„Mariupolis 2“ schockt mit Einblicken in den Ukraine-Krieg
Der litauische Regisseur Mantas Kvedaravičius riskierte für die Dokumentation „Mariupolis 2“ sein Leben, die das ukrainische Mariupol zeigt.
- Der litauische Regisseur Mantas Kvedaravičius reiste Anfang März in die belagerte ukrainische Stadt Mariupol.
- Für seine Dokumentation „Mariupolis 2“ nahm er das Leben in der Stadt auf, die noch immer durch den russischen Angriffskrieg zerstört wird.
- Kvedaravičius wurde bei seiner Ausreise mutmaßlich von russischen Soldaten getötet.
- Seine Verlobte rettete sein Videomaterial und zeigte den Dokumentarfilm auf den Filmfestspielen in Cannes 2022.
Seit dem 24. Februar 2022 steht die ukrainische Hafenstadt Mariupol unter der Belagerung russischer Truppen, noch immer wird gekämpft. Trotzdem verharren einige Zivilist:innen in der zerstörten Stadt. Ein Anlass für den litauischen Regisseur Mantas Kvedaravičius gemeinsam mit seiner Verlobten Hanna Bilobrova vor Ort den Schrecken des Krieges und den Alltag der Menschen einzufangen. Bei seiner Rückreise im April konnte Kvedaravičius dem Krieg jedoch nicht entkommen und wurde erschossen.
„Mariupolis 2“: erste Ausschnitte öffentlich
In der Ferne ertönen Schüsse und Explosionen. Plötzlich ist eine nahe Explosion zu hören, kurz darauf eilt ein Mann durch die Tür. Ein anderer folgt ihm und zeigt einen Granatsplitter in die Kamera. Er hält ihn immer nur kurz in einer Hand und lässt ihn dann in die andere fallen – der Splitter ist so frisch, dass er noch heiß ist. Dabei erzählt er, der Splitter wäre neben ihm gelandet: „Das ist kein Spaß. Das ist der Tod.“
Auf YouTube wurden kürzlich einige Ausschnitte aus der Doku veröffentlicht.
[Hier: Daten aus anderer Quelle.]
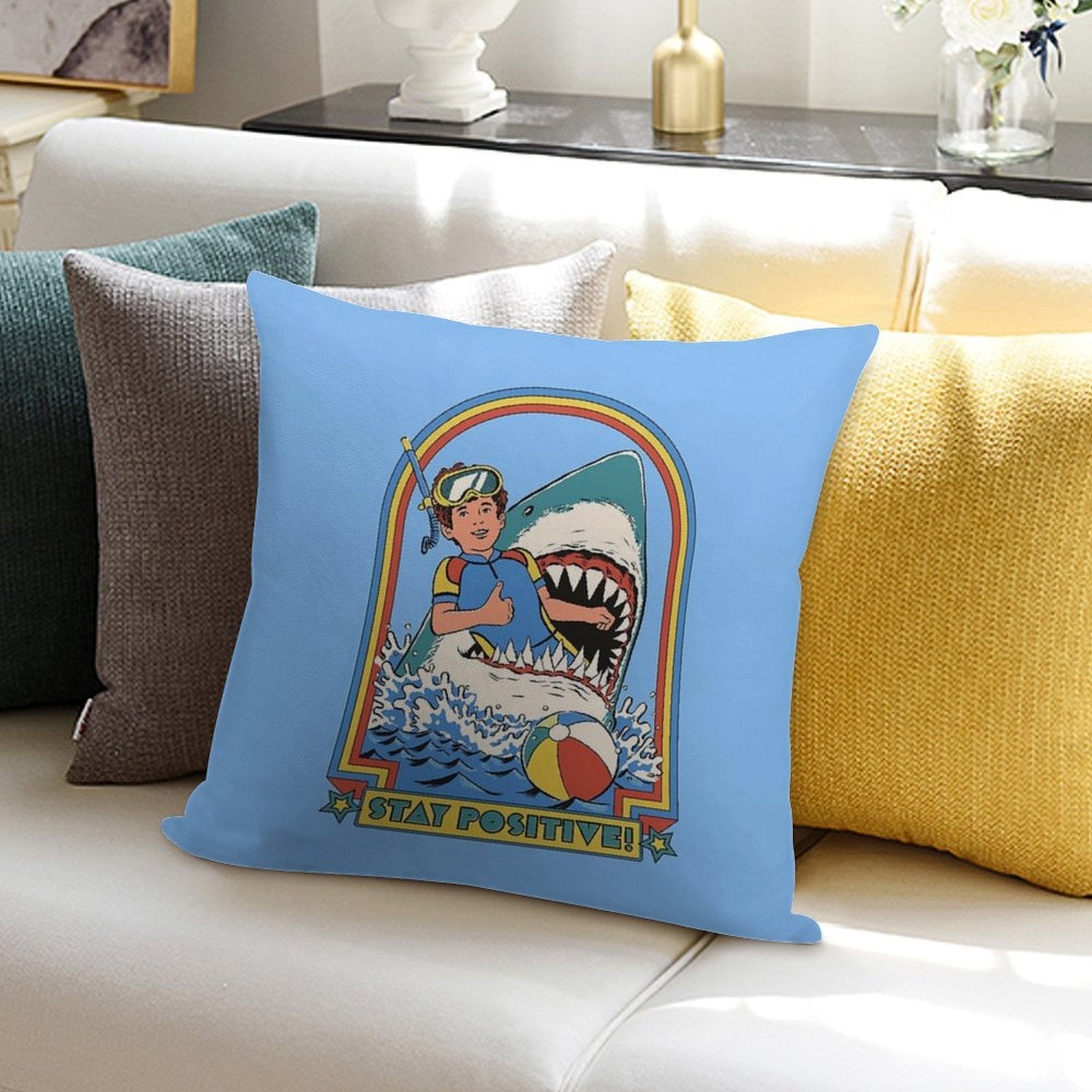 Stay Positive Soft Anti-Pilling Throw Pillow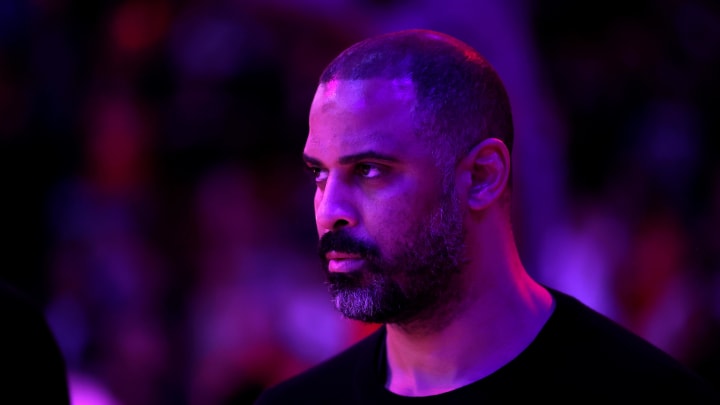 Jan 3, 2024; Houston, Texas, USA; Houston Rockets head coach Ime Udoka during the national anthem prior to the game against the Brooklyn Nets at Toyota Center. Mandatory Credit: Erik Williams-USA TODAY Sports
So fing Regisseur Kvedaravičius in den Videos den Alltag der Menschen ein: Den Keller einer ehemaligen Kirche dient denen, die geblieben sind, als Schutzraum, Zufluchtsstätte und Gebetsort. Ein anderer Clip zeigt Menschen, die auf der Straße und in den Trümmern nach Kostbarem suchen – sprich nach allem, was ihr Überleben sichern könnte. Trotz der Nüchternheit der Videos, berühren die Bilder.
„Keiner der Bewohner fürchtete den Tod, selbst als er da war. […] Menschen unterstützten einander unter Lebensgefahr. […] Es war der Himmel in der Hölle“, heißt es in den Produktionsnotizen. Der Film an sich bietet hingegen wenig Einordnung. Stilistisch ist „Mariupolis 2“ weniger ein Dokumentarfilm, als eine Aneinanderreihung von Eindrücken aus Mariupol. Trotzdem ist seine Bildgewalt mehr als genug, um die Gäste vom Cannes-Festival mitzureißen und nachdenklich zu stimmen.
Auch, wenn Kvedaravičius den Film selbst nun nicht mehr sehen kann, sein Vermächtnis bleibt einer der ausführlichsten Einblicke in den aktuellen Krieg.